→ RECORDS SUPPLIED:
-- Opening Marker --
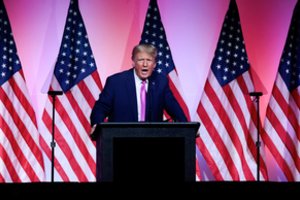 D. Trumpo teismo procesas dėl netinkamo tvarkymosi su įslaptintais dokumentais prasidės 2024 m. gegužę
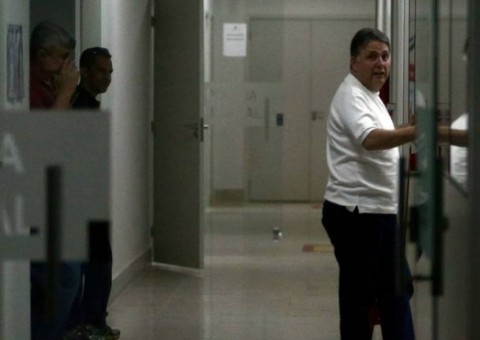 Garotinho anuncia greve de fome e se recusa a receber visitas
-- Closing Marker --
-- Opening Marker --
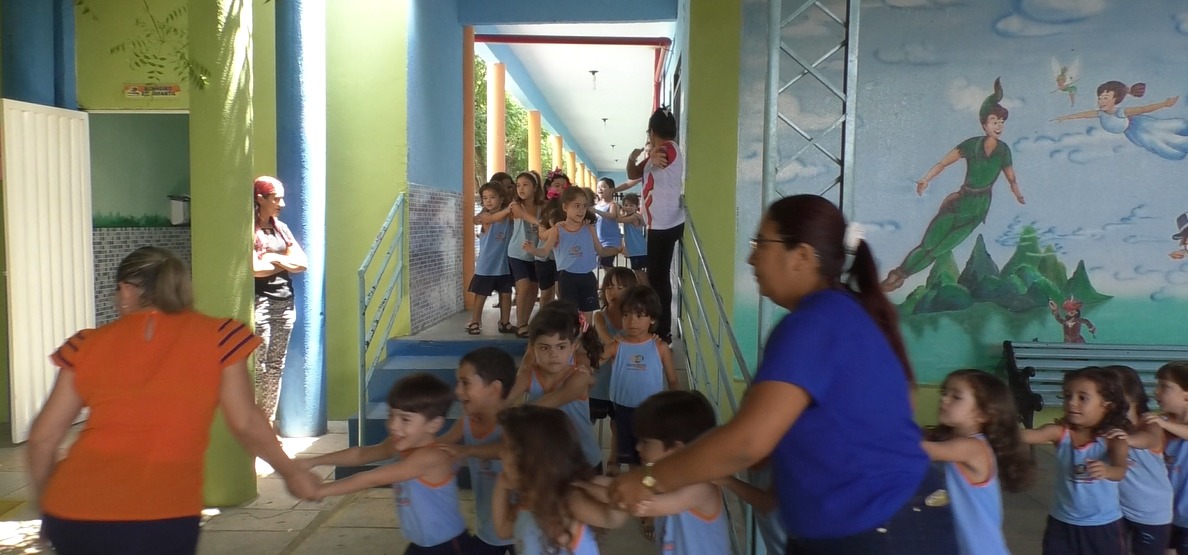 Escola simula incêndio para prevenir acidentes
-- Closing Marker --
→ TASK DESCRIPTION: Within the material above, find the part that opens with the line containing "D. Trumpo teismo" and closes with the line containing "Garotinho anuncia greve", and reproduce it exactly without the pictures.

→ EXERCISE RESPONSE:
 D. Trumpo teismo procesas dėl netinkamo tvarkymosi su įslaptintais dokumentais prasidės 2024 m. gegužę
 Garotinho anuncia greve de fome e se recusa a receber visitas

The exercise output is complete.